Tie::Traceで簡単に変数の中身を追うB!

前置き

こんにちは、id:ktatです。最近は、Util::Allというモジュールをいじってますが、CPAN にはあげてないので、紹介できません。

というわけで、今日はデバッグのお供に使えるかもしれない、Tie::Traceを紹介します。

本題

さて、perlのプログラムのデバッグするなら、perl -d というのも良いですが、print デバッグもお手軽でいいですよね。

しかし、怪しい変数を追いかけたり、見知らぬオブジェクトの中を調べたりするのに、いちいち print や warn を挿入していくのも面倒です。

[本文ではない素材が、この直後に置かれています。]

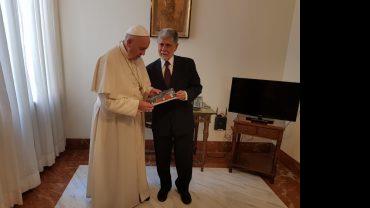 Papa Francisco envia recado para Lula
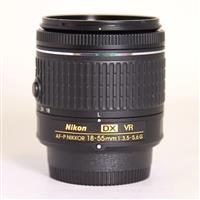 Used Nikon AF-P DX Nikkor 18-55mm f/3.5-5.6G VR Zoom Lens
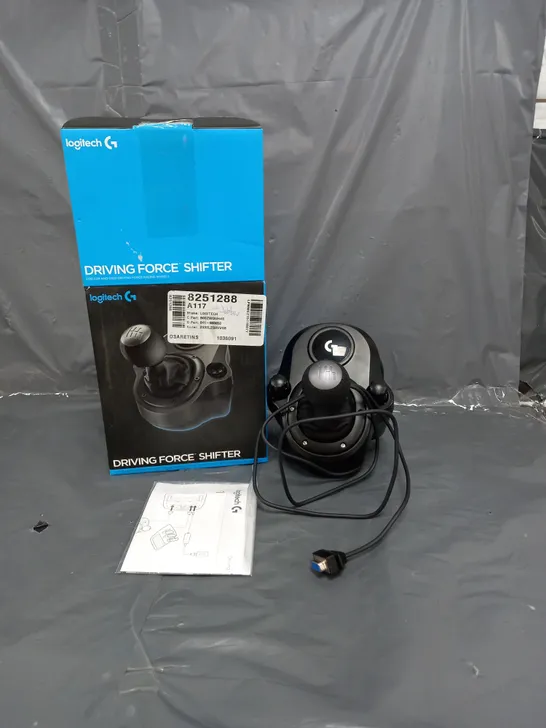 BOXED LOGITECH DRIVING FORCE SHIFTER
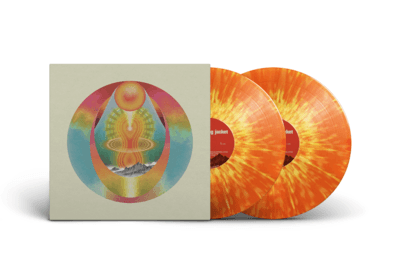 My Morning Jacket My Morning Jacket Indie Exclusive Orange Yellow Splatter Vinyl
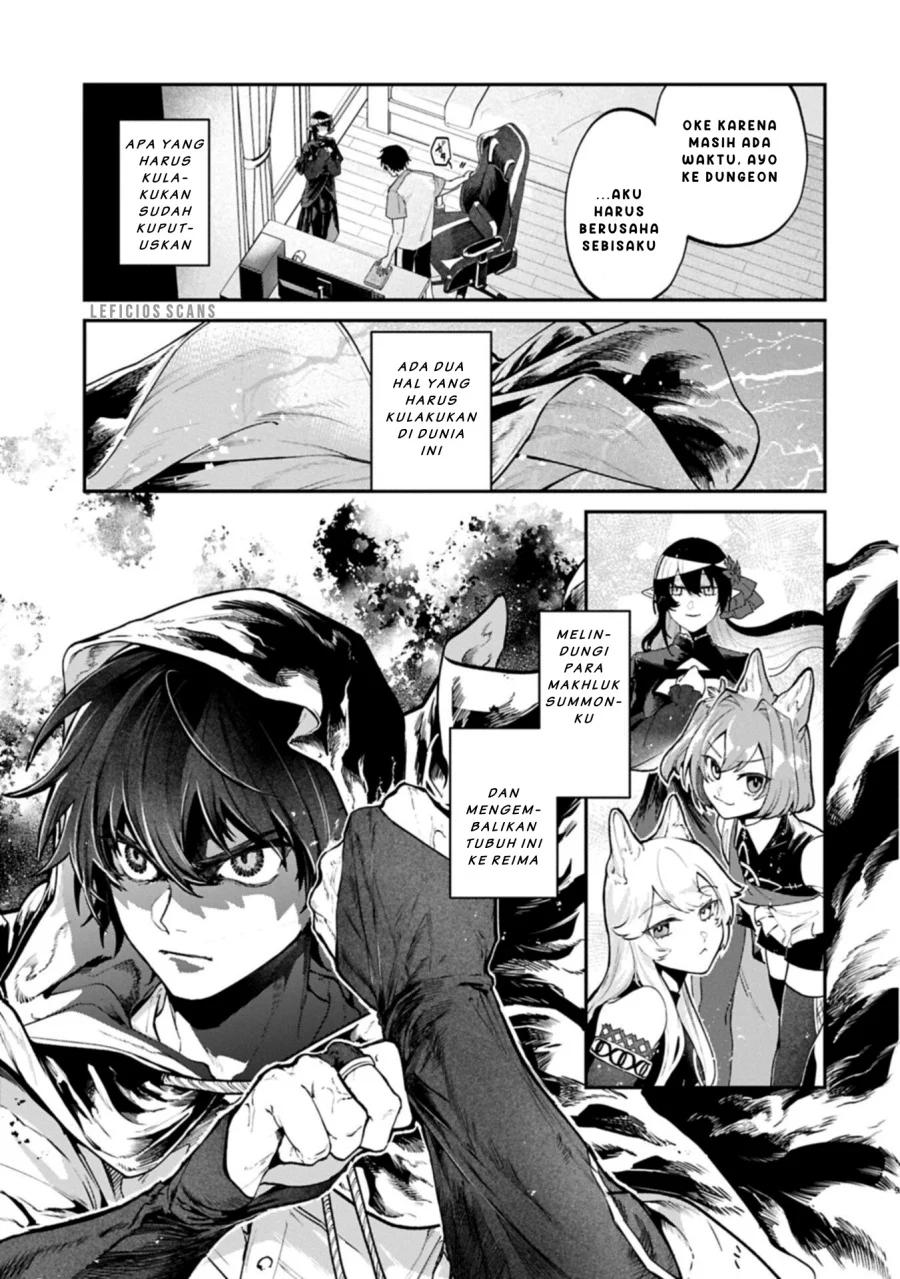 Isekai Summoner, Shinwa no Kaibutsu-tachi to Gendai de Musou suru: Uragirareta Moto Eiyuu wa, Aikasaname na Nakama to Heiwa ni Kurashitai Chapter 4 Gambar 9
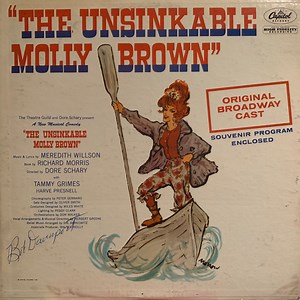 Meredith Willson - The Unsinkable Molly Brown - Original Broadway Cast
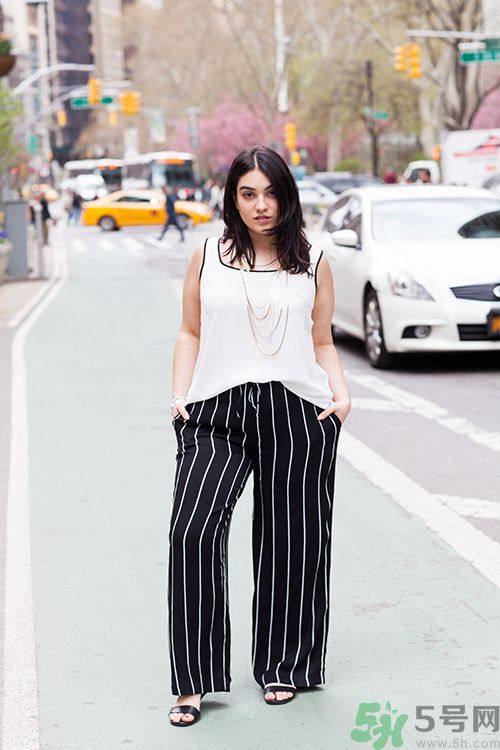 長得胖女生怎么穿衣服顯瘦？胖女孩穿什么褲子好？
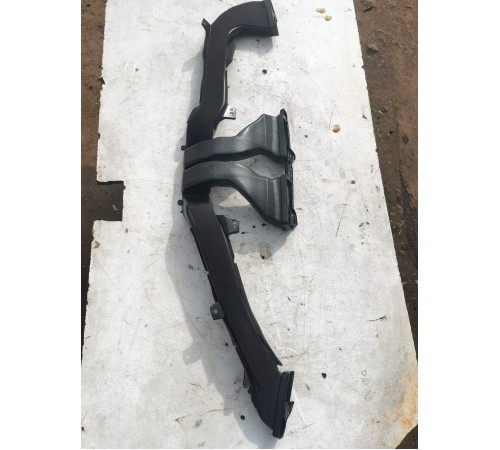 Воздуховод отопителя (печки) в торпедо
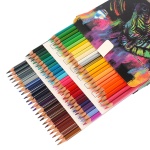 Карандаши цветные 3-гранные "Животный мир", 72 штуки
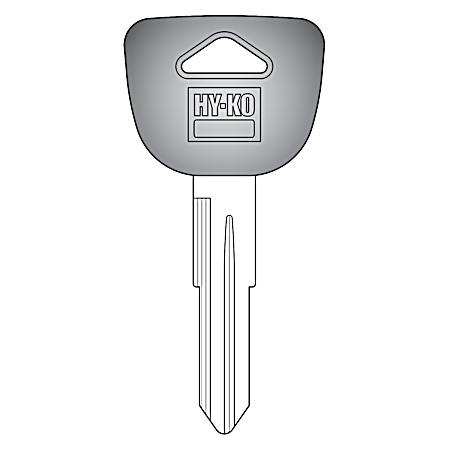 HD91P Honda Rubberhead Key Blank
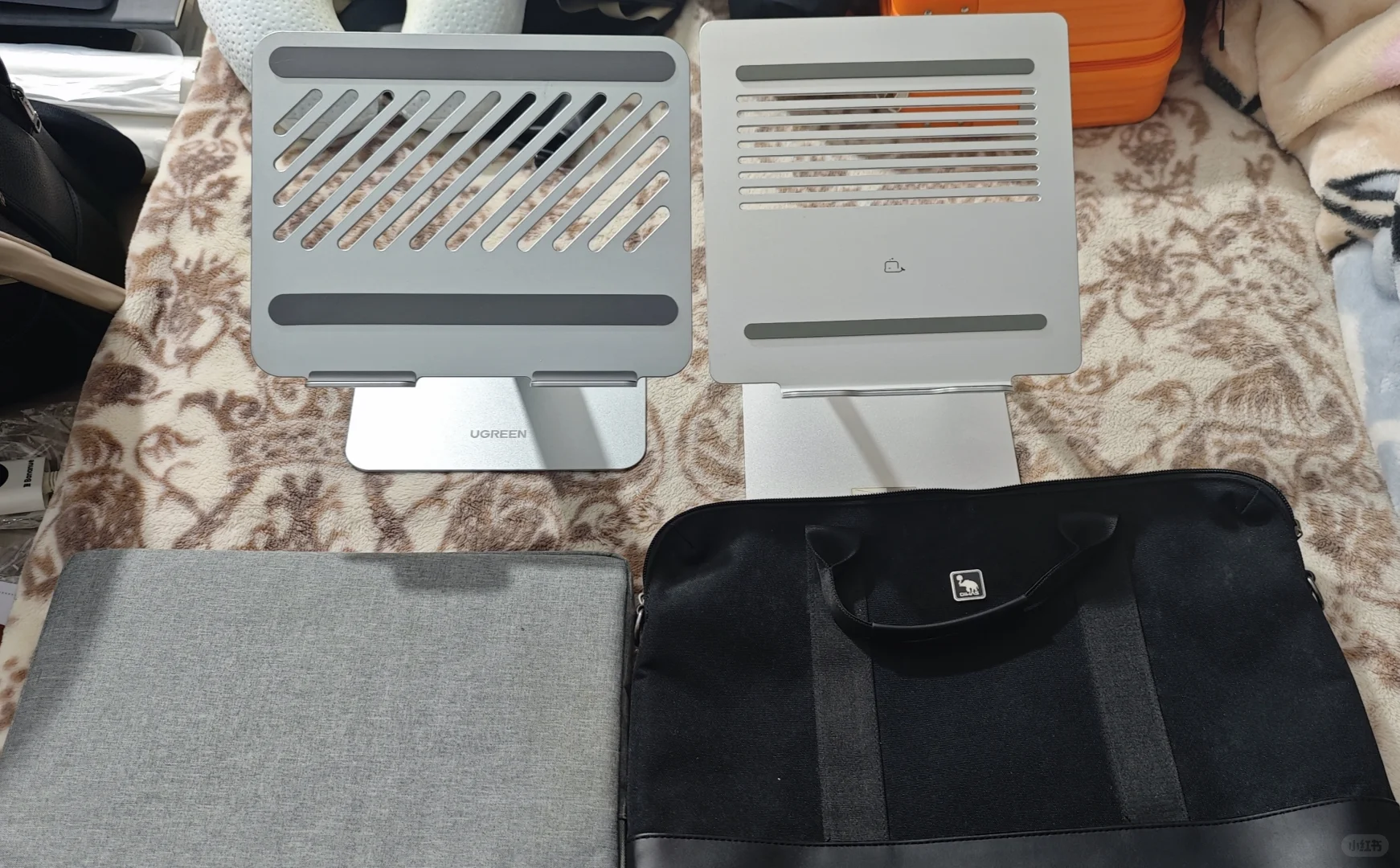 离沪出闲置 电脑键盘 小米激光打印机 支架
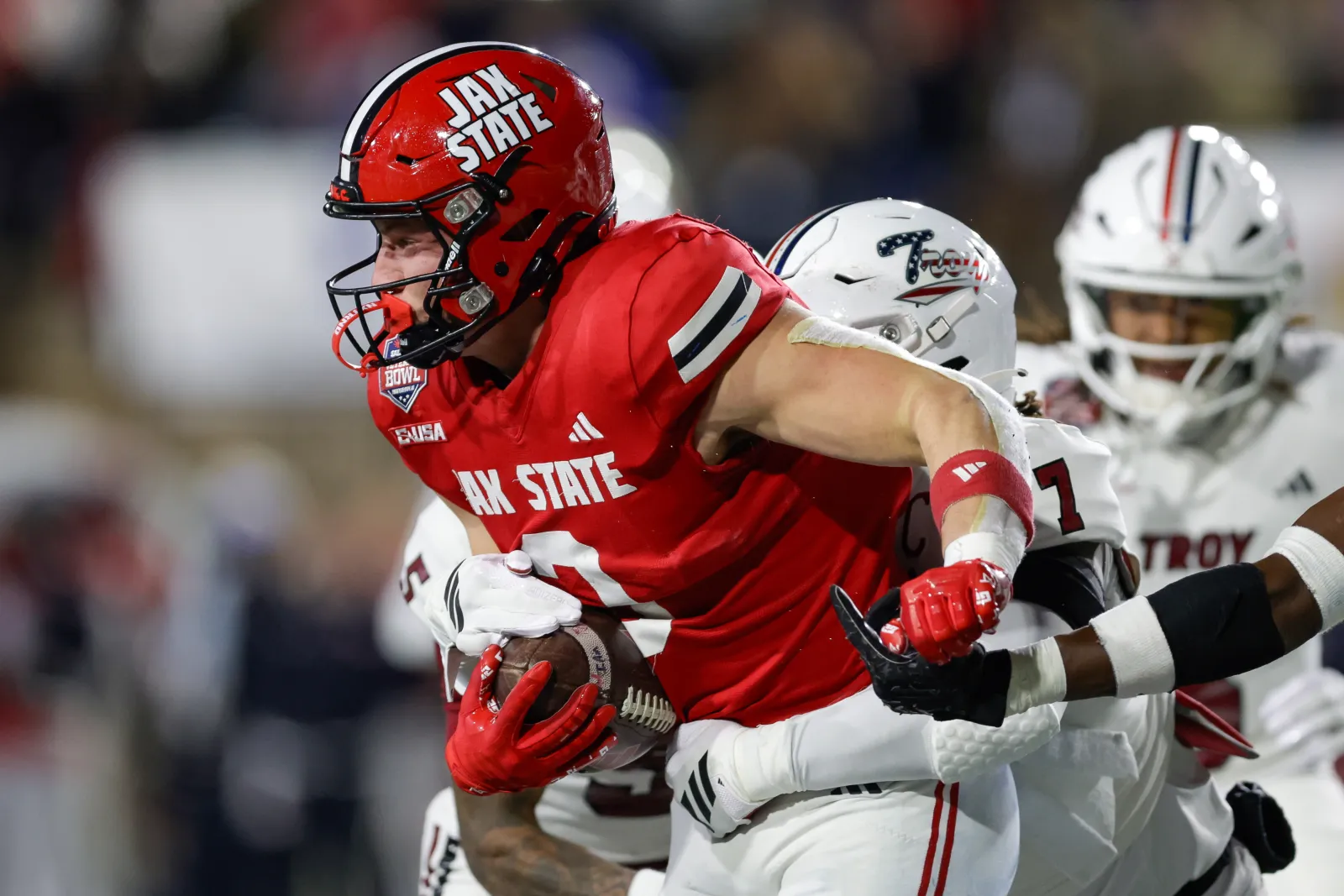 New Orleans Saints WR Brock Rechsteiner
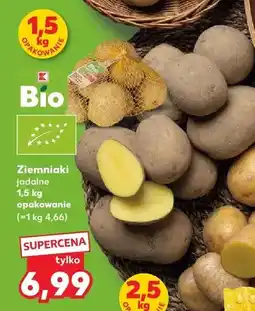 Kaufland Ziemniaki jadalne Bio oferta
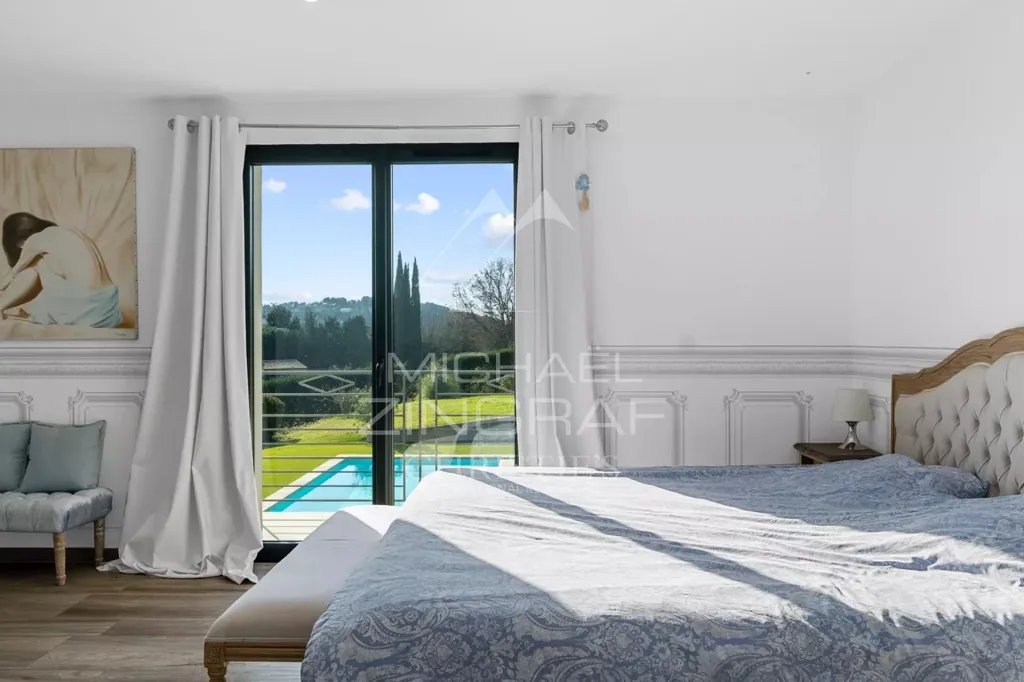 Magamistoad - Modern Bastide with Pool in Cannes Hinterland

そんな時には、Tie::Trace が役に立つかもしれません。

単純な例

次の $hoge、 @hoge、 %hoge の各変数を追いかけてみます。

use Tie::Trace qw/watch/;

watch my $hoge;
watch my @hoge;
watch my %hoge;

$hoge = 1;

push @hoge, "a";
delete $hoge[-1];

$hoge{1} = 1;
$hoge{"abc"} = "xyz";

以下のようなメッセージが表示されます。

main:: $hoge => 1 at sample1.pl line 7.
main:: @hoge => PUSH('a') at sample1.pl line 9.
main:: @hoge[0] => DELETED('a') at sample1.pl line 10.
main:: %hoge => {1} => 1 at sample1.pl line 12.
main:: %hoge => {abc} => 'xyz' at sample1.pl line 13.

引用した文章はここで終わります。